▸ **Prompt**
Search term "фото": please copy every line of the records below that contains it.

▸ **Data shown**
◇ ◇ ◇ ◇ ◇
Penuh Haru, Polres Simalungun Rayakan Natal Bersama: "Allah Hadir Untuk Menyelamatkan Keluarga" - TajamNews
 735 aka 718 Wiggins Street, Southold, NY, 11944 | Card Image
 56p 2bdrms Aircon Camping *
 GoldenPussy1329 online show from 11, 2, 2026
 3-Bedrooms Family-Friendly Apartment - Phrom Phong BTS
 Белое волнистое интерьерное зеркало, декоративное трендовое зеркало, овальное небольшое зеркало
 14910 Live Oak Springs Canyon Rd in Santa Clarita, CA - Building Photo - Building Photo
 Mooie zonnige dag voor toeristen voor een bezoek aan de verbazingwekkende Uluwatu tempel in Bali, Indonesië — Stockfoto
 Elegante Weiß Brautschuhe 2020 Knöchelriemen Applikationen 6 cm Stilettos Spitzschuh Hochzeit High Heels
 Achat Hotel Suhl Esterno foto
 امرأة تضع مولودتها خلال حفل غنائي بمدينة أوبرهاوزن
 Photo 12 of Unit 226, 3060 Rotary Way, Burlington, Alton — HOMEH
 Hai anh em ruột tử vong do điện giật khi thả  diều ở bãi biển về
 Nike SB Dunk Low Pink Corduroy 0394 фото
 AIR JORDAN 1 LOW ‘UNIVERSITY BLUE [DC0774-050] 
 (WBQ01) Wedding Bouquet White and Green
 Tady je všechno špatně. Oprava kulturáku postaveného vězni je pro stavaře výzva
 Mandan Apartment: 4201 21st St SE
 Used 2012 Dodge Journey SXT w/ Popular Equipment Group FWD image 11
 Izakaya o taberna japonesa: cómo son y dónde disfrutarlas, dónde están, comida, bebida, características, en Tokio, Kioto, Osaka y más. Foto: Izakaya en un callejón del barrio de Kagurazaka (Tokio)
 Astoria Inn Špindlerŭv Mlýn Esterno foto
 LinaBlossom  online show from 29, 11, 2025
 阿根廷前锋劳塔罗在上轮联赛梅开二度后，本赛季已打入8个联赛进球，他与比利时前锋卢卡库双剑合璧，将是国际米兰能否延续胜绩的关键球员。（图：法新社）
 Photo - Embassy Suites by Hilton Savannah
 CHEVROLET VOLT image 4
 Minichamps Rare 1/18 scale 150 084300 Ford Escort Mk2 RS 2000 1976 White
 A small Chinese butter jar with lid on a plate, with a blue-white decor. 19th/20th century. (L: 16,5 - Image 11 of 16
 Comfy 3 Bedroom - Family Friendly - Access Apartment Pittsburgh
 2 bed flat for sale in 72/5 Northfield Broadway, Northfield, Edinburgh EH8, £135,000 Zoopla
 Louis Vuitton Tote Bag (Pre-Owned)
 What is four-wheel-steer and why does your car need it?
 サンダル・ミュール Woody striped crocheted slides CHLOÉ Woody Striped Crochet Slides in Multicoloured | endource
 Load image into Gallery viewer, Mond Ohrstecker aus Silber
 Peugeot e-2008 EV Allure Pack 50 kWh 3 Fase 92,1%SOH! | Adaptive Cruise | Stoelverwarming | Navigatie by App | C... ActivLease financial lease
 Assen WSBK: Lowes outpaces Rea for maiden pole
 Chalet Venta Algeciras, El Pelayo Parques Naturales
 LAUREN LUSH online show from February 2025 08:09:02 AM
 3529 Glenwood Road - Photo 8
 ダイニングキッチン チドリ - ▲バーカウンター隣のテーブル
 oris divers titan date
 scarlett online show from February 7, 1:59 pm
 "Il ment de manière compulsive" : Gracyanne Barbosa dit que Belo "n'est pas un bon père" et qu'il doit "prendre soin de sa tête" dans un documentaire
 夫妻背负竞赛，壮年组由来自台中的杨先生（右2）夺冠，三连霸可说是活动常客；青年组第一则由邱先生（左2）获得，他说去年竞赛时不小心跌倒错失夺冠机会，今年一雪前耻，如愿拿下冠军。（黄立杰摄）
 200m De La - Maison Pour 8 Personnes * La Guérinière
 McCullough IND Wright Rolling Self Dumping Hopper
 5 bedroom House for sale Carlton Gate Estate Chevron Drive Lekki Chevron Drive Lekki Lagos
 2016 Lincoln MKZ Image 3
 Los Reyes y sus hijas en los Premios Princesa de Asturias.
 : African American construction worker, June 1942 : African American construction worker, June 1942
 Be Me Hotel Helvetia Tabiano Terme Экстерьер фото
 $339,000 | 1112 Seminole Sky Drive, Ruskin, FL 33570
◇ ◇ ◇ ◇ ◇
▸ **Answer to this task**
 Nike SB Dunk Low Pink Corduroy 0394 фото
 Be Me Hotel Helvetia Tabiano Terme Экстерьер фото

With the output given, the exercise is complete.